Zum Aufbewahren und Übermitteln von Wissen

Vom Thema "Buch" inspiriert, beschäftigten wir uns im Hauptseminar "Bibliothek und Archiv" mit dem Aufbewahren und Übermitteln von Wissen. Wissen war bereits vor den Zeiten elektronischer Datenerfassung ein wichtiger Bestandteil unseres Lebens. Schon damals war es Voraussetzung für Erfolg und Anerkennung. Zum kulturellen Habitus eines Gelehrten gehörte es deshalb, Bücher zu besitzen. Mancher wurde sogar leidenschaftlicher Büchersammler. Vielen diente ihre Privatbibliothek als Arbeitsinstrument. So im Fall von Johann Ludwig Wilhelm Gleim, einem angesehenen Dichter und Juristen des 18. Jahrhunderts.

Der "Freundschaftstempel"

Der Verfasser von scherzhaften und patriotischen Gedichten wollte durch seine Sammlung von Bildern, Büchern und Briefen Halberstadt in ein literarisches und kulturelles Zentrum verwandeln. Und wir haben uns selbst überzeugen können, daß es ihm gelungen ist. Neugierde und Interesse an dem Bibliothekwesen haben uns nach Halberstadt geführt.

Selbst ein unerfahrener Besucher kann das Gleimhaus nicht übersehen. Es liegt gegenüber dem gotischen Dom. Im ehemaligen Wohnhaus Gleims befindet sich noch heute seine Bibliothek, sein Handschriftenarchiv und seine Grafiksammlung.

Dr. Ute Pott vom Gleimhaus hat uns durch den "Freundschaftstempel" geführt. Wir haben nicht nur das im Jahr 1862 eingerichtete Museum besichtigt, sondern wir hatten auch das Glück, durch die Regale von Gleims Privatbibliothek zu spazieren. Mit Sorgfalt und Respekt vor jedem einzelnen Buch hat Dr. Pott uns die literatur- und sozialgeschichtliche Ausstellung zur Bilder-, Buch- und Briefgeschichte im 18. Jahrhundert erläutert. Die Ausstellung enthält Bilder von Klopstock, Winckelmann, Seume, Johann Peter Uz und vielen anderen Freunden Gleims, die er zumindest als Bild immer um sich haben wollte.

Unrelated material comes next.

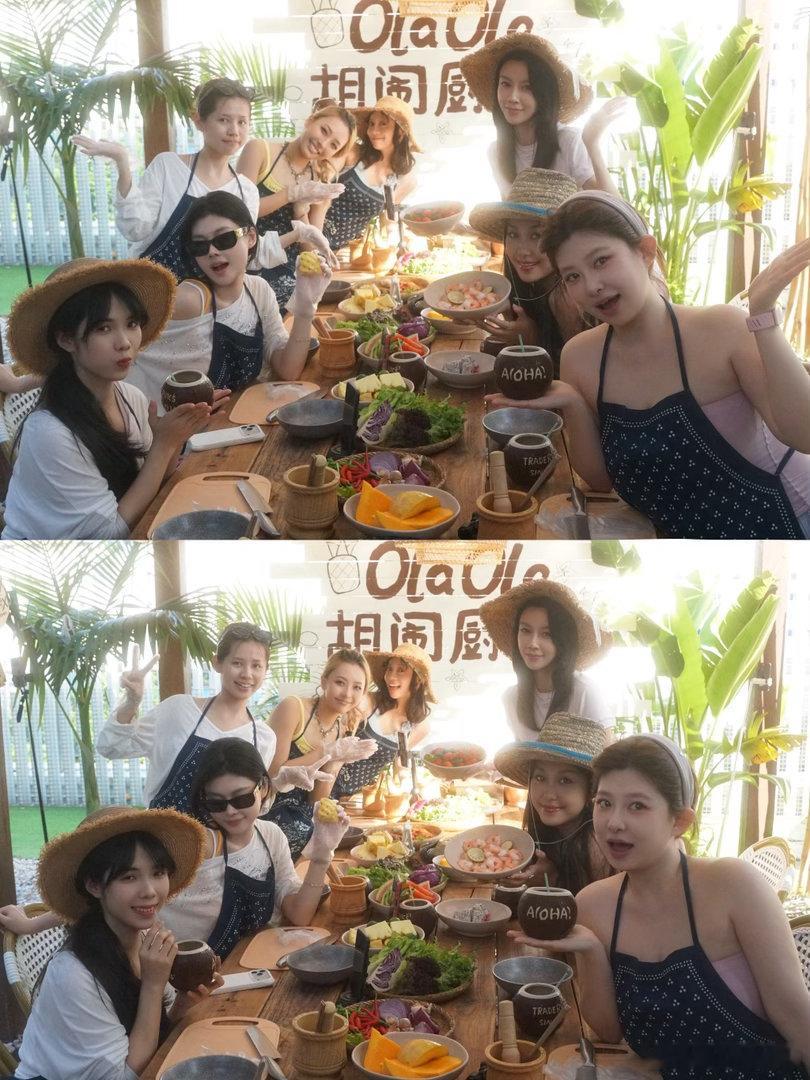 全女团综日之胡闹厨房!!!🥭🥘​​​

Zum Freundschaftstempel des Gleimhauses gehört auch der Schreibstuhl des Dichters, den sich Gleim nach eigenem Entwurf anfertigen ließ. Schon aus diesem Grunde ist dieser Schreibstuhl ein Unikat. Besondere Bedeutung gewinnt er, weil hier Gleim die vielen Briefe an seine Freunde schrieb, darunter an so berühmte Persönlichkeiten wie Wieland, Herder und Lessing. Die einmalige Portaitsammlung Gleims erinnert an das wunderbare Gefühl der Vertrautheit zwischen Gleim und vielen deutschen Dichtern und Denkern des 18. Jahrhunderts.

In diesem Museum der deutschen Spätaufklärung hielten Studenten Referate - über Gleims Leben und Werk, wobei der Schwerpunkt bei seiner Privatbibliothek lag, und über die Bibliothek seines Jugendfreundes, des anakreonitischen Dichters Johann Peter Uz, von der nur noch der Katalog überliefert ist. Das erinnert an die großen Verluste vieler Büchersammlungen.

Das völlig erhaltene Gleimhaus, welches auch heute noch besucht werden kann, läßt den Betrachter spüren, welch große Rolle Gleim zu seiner Zeit gespielt hat – als Vermittler zwischen Literaten und nicht zuletzt als Vermittler von Wissen zwischen Jahrhunderten. Darin liegt die besondere Bedeutung seiner Büchersammlung im Gleimhaus.